Monday, September 24, 2012

On Selichot

I didn't catch the name of the fellow who spoke at YU's Shalashudes.  I enjoyed the Torah he shared. One standout thought was from the GRA: We're told to open our hand to the poor - besides literally - metaphorically.  When our hand hand is clenched it's easy to assume that all our fingers are the same.  When we open our hand we see how different one finger is from the other.  So too we must open our hearts to the storied situation of each poor soul that comes before us.

The speaker noted that Selicot every day opens with the image of us standing before G-d as a poor person before a donor.  Just as we are expected to see the difference between each poor person we urge G-d to take into account each of our individual circumstances and therefore have mercy on us as he judges us.


My life at my request, my people at my petition.  We repeat these words over and over in Selichot (Selichah 75, Artscroll - page 641).  It's a quote of Esther (7:3).

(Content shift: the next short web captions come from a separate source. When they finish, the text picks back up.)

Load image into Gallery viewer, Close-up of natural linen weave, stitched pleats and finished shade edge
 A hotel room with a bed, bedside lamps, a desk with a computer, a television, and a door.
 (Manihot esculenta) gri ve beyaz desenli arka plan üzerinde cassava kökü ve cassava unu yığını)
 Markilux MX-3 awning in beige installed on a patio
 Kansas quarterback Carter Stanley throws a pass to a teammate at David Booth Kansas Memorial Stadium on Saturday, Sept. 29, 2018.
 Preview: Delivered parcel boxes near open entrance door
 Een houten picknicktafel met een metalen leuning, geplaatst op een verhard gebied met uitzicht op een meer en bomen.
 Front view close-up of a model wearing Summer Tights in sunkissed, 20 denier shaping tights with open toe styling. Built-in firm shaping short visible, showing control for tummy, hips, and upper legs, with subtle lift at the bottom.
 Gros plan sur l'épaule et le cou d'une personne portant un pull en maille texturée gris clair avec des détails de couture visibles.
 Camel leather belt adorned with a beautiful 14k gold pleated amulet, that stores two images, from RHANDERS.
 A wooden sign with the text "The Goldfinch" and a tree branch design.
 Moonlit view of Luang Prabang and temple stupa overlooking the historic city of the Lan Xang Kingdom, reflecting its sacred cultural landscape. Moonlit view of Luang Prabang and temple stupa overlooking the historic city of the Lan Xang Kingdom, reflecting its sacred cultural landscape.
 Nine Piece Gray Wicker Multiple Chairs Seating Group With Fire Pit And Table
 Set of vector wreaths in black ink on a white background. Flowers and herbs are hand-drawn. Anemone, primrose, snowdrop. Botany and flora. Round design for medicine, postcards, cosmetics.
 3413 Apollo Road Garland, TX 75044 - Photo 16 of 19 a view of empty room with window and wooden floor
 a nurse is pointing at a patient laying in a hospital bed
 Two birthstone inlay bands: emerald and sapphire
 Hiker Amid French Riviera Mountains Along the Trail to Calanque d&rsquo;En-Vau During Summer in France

What she begged of a king of flesh and blood we ask of the King of all kings. The same exact  refrain is used in another Selichah (19, Artscroll - page 224). On a related, on Musaf of Rosh HaShanah (a few days ago) we introduced sections of the Shmoneh Esrei of Musaf with the words "and so" ("u'vechein"), which many commentators say is a phrase purposely borrowed from the words of Esther in her pleas to Achashveirosh.

Things aren't what they seem - Purim has a major theme of teshuvah. The connection between Yom Kippur and Purim is a deep one.